*EXERCISE DESCRIPTION*
Could you write out the listing below exactly as it stands, leaving out the pictures?

*SUPPLIED DATA*
┄┄┄┄┄┄┄┄┄┄┄┄┄┄┄┄┄┄┄┄

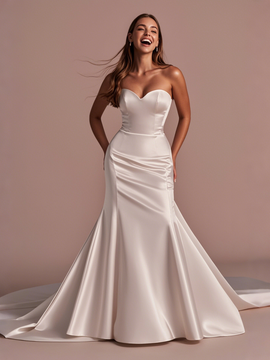 Shop 2025 ANNAKOO Satin Trumpet Mermaid Sweetheart Simple Wedding Dress Under 169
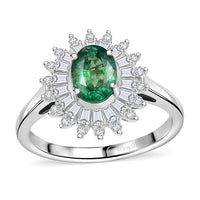 Premium Kagem Zambian Emerald, Moissanite Starburst Halo Ring in Rhodium Over Sterling Silver (Size 10.0) 1.75 ctw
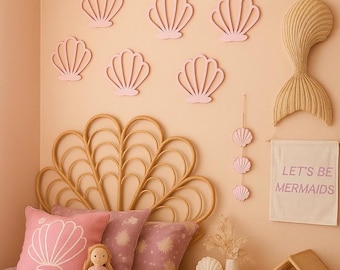 Wooden Seashells - Shell - Wooden Shell - Under The Sea Bedroom Decor - Mermaid Theme Decor - Nursery Decor - Shell Wall Decal Stickers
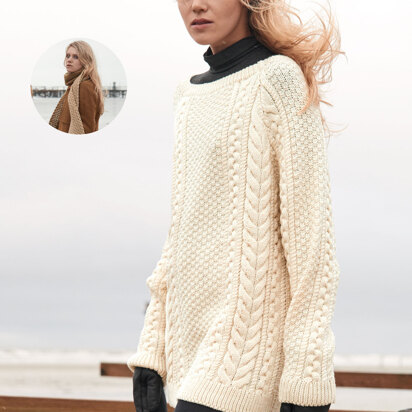 Sweater and Scarf in Rico Essentials Soft Merino Aran - 505 - Downloadable PDF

┄┄┄┄┄┄┄┄┄┄┄┄┄┄┄┄┄┄┄┄

*RESPONSE TO THIS TASK*
 Shop 2025 ANNAKOO Satin Trumpet Mermaid Sweetheart Simple Wedding Dress Under 169
 Premium Kagem Zambian Emerald, Moissanite Starburst Halo Ring in Rhodium Over Sterling Silver (Size 10.0) 1.75 ctw
 Wooden Seashells - Shell - Wooden Shell - Under The Sea Bedroom Decor - Mermaid Theme Decor - Nursery Decor - Shell Wall Decal Stickers
 Sweater and Scarf in Rico Essentials Soft Merino Aran - 505 - Downloadable PDF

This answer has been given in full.